Short web captions

::::

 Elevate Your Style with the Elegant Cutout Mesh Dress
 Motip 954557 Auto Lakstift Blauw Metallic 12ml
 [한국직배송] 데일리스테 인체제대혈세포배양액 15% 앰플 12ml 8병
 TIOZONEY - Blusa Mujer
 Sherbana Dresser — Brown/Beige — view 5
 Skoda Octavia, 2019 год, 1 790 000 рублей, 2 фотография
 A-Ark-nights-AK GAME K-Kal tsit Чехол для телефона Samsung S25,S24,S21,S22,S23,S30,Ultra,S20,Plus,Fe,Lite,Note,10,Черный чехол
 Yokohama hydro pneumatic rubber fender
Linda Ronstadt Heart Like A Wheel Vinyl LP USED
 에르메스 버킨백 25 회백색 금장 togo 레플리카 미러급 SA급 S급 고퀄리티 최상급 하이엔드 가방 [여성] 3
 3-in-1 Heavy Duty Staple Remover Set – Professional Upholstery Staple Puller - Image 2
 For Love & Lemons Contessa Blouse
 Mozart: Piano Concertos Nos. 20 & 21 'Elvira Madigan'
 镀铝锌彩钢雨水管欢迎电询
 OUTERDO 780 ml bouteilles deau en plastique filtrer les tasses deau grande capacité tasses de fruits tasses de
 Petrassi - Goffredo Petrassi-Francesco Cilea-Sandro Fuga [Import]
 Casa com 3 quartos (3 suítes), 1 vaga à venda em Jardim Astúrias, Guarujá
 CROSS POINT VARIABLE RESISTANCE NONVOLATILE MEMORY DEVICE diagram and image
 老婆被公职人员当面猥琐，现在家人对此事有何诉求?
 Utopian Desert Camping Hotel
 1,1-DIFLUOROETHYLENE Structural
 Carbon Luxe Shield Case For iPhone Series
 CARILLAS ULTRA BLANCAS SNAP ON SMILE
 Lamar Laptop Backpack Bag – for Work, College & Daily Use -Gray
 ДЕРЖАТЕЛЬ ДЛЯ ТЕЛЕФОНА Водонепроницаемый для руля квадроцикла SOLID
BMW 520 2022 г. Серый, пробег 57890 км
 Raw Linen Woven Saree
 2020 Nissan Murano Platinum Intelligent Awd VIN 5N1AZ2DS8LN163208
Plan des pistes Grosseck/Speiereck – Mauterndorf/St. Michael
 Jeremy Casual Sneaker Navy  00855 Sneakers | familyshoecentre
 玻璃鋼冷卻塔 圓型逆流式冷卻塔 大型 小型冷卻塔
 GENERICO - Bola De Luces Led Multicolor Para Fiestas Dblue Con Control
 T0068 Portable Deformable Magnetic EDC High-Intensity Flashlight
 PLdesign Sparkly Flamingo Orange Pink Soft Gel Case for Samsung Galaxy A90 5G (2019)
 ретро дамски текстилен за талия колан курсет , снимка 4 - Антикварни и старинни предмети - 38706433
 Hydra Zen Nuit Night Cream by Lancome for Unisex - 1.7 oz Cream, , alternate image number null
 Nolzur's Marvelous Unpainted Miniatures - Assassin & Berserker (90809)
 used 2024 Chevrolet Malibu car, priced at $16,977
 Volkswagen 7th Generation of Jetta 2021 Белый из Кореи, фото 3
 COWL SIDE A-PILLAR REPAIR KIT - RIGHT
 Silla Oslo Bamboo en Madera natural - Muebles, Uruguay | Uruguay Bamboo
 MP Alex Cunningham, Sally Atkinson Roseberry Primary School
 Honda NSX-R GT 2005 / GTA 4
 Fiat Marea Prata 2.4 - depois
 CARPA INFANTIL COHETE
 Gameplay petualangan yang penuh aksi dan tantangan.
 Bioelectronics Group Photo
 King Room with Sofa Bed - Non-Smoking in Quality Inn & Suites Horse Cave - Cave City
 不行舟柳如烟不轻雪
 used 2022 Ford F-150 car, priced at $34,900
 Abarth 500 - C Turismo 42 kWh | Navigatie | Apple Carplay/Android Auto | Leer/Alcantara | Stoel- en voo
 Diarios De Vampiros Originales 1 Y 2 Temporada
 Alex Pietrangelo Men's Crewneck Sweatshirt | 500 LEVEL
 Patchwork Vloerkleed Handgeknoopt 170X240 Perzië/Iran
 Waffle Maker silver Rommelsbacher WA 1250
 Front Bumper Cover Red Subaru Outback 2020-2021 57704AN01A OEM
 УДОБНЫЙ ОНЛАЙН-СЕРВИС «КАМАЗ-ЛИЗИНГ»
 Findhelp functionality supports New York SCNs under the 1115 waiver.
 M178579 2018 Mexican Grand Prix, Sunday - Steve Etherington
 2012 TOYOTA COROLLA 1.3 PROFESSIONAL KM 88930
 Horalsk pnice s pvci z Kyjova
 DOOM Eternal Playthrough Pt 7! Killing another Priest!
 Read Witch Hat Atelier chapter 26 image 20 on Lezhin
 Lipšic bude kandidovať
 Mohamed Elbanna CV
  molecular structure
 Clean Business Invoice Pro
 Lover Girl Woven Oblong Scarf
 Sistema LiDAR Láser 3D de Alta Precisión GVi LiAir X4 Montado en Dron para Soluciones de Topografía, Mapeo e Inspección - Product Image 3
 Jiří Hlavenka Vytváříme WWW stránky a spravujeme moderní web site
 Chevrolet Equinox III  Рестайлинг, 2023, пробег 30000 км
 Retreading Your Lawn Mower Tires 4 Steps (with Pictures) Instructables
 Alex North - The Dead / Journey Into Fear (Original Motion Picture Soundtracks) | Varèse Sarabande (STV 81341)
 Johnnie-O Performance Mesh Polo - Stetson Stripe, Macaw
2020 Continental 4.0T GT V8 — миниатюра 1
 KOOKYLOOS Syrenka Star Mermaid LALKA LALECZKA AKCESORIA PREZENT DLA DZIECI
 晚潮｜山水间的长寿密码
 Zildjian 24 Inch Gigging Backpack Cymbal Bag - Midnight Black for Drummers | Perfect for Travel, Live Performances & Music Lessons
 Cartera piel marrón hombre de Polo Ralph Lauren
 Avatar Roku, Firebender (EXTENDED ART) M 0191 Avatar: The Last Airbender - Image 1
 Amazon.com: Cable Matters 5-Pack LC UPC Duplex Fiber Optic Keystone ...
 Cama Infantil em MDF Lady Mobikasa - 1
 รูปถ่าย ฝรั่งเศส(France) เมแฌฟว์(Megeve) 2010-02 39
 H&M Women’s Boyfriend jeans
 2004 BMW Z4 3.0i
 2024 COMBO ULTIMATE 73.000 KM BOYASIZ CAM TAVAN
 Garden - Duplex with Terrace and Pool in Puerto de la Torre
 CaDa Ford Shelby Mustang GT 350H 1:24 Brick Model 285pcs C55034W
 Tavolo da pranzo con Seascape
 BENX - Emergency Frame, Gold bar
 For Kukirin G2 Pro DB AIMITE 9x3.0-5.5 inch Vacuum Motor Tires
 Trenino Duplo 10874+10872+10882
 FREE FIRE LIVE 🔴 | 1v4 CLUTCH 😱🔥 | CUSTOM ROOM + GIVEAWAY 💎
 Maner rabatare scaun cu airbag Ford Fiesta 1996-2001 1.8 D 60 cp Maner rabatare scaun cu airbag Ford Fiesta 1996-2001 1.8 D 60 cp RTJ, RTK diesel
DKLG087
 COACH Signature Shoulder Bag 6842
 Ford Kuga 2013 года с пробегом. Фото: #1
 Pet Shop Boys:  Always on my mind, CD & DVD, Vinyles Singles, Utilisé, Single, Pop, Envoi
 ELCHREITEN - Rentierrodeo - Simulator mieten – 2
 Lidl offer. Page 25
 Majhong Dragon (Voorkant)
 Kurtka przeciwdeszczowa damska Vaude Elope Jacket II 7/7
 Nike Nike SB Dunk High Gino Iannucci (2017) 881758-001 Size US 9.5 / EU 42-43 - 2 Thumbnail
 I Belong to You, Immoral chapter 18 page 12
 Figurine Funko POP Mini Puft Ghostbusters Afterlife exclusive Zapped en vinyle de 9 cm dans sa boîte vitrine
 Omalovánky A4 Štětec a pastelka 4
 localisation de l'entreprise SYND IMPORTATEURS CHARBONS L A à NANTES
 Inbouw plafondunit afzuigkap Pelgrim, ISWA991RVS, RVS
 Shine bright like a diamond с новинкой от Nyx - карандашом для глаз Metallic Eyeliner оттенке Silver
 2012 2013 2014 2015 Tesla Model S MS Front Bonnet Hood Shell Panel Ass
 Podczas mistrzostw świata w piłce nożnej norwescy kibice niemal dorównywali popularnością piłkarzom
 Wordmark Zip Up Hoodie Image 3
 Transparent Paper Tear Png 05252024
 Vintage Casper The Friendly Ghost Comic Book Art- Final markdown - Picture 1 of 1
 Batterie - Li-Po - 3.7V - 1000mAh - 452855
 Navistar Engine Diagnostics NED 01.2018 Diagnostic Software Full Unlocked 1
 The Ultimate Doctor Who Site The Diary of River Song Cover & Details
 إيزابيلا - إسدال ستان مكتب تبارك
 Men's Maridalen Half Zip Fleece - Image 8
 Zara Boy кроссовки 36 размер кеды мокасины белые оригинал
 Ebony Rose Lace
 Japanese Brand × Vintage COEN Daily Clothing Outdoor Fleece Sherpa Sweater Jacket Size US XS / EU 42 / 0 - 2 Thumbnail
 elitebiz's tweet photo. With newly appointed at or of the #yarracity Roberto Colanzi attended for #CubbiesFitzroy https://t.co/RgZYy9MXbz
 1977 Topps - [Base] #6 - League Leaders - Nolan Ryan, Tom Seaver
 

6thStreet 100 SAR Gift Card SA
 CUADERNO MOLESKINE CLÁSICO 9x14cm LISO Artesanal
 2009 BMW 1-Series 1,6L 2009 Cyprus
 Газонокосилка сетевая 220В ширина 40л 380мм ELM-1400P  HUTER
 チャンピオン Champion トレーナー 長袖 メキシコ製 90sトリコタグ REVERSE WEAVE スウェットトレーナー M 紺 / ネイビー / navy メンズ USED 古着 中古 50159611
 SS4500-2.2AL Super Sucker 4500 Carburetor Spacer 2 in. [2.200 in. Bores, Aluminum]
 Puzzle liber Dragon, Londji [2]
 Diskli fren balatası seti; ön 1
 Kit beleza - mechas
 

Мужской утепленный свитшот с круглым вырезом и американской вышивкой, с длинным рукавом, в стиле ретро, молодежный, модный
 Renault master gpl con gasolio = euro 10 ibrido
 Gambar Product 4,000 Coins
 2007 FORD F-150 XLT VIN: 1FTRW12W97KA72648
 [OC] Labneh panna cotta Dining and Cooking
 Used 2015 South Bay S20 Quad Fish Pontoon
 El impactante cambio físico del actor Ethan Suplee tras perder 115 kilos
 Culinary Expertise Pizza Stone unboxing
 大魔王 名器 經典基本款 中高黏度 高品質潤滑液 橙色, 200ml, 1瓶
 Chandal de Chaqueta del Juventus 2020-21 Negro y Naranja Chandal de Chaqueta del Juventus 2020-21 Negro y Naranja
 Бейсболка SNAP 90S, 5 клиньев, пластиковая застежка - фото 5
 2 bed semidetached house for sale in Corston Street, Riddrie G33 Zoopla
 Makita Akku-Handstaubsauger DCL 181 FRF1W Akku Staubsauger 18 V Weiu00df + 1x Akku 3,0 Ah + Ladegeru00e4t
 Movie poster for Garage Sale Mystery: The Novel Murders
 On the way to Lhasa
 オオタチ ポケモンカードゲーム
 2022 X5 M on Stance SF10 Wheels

::::

◆ **EXERCISE DETAILS**
When the line containing "Jeremy Casual Sneaker" is reached, include it and stop. Until then, output each line of the entries exactly as given, starting from the first.

◆ **TASK SOLUTION**
 Elevate Your Style with the Elegant Cutout Mesh Dress
 Motip 954557 Auto Lakstift Blauw Metallic 12ml
 [한국직배송] 데일리스테 인체제대혈세포배양액 15% 앰플 12ml 8병
 TIOZONEY - Blusa Mujer
 Sherbana Dresser — Brown/Beige — view 5
 Skoda Octavia, 2019 год, 1 790 000 рублей, 2 фотография
 A-Ark-nights-AK GAME K-Kal tsit Чехол для телефона Samsung S25,S24,S21,S22,S23,S30,Ultra,S20,Plus,Fe,Lite,Note,10,Черный чехол
 Yokohama hydro pneumatic rubber fender
Linda Ronstadt Heart Like A Wheel Vinyl LP USED
 에르메스 버킨백 25 회백색 금장 togo 레플리카 미러급 SA급 S급 고퀄리티 최상급 하이엔드 가방 [여성] 3
 3-in-1 Heavy Duty Staple Remover Set – Professional Upholstery Staple Puller - Image 2
 For Love & Lemons Contessa Blouse
 Mozart: Piano Concertos Nos. 20 & 21 'Elvira Madigan'
 镀铝锌彩钢雨水管欢迎电询
 OUTERDO 780 ml bouteilles deau en plastique filtrer les tasses deau grande capacité tasses de fruits tasses de
 Petrassi - Goffredo Petrassi-Francesco Cilea-Sandro Fuga [Import]
 Casa com 3 quartos (3 suítes), 1 vaga à venda em Jardim Astúrias, Guarujá
 CROSS POINT VARIABLE RESISTANCE NONVOLATILE MEMORY DEVICE diagram and image
 老婆被公职人员当面猥琐，现在家人对此事有何诉求?
 Utopian Desert Camping Hotel
 1,1-DIFLUOROETHYLENE Structural
 Carbon Luxe Shield Case For iPhone Series
 CARILLAS ULTRA BLANCAS SNAP ON SMILE
 Lamar Laptop Backpack Bag – for Work, College & Daily Use -Gray
 ДЕРЖАТЕЛЬ ДЛЯ ТЕЛЕФОНА Водонепроницаемый для руля квадроцикла SOLID
BMW 520 2022 г. Серый, пробег 57890 км
 Raw Linen Woven Saree
 2020 Nissan Murano Platinum Intelligent Awd VIN 5N1AZ2DS8LN163208
Plan des pistes Grosseck/Speiereck – Mauterndorf/St. Michael
 Jeremy Casual Sneaker Navy  00855 Sneakers | familyshoecentre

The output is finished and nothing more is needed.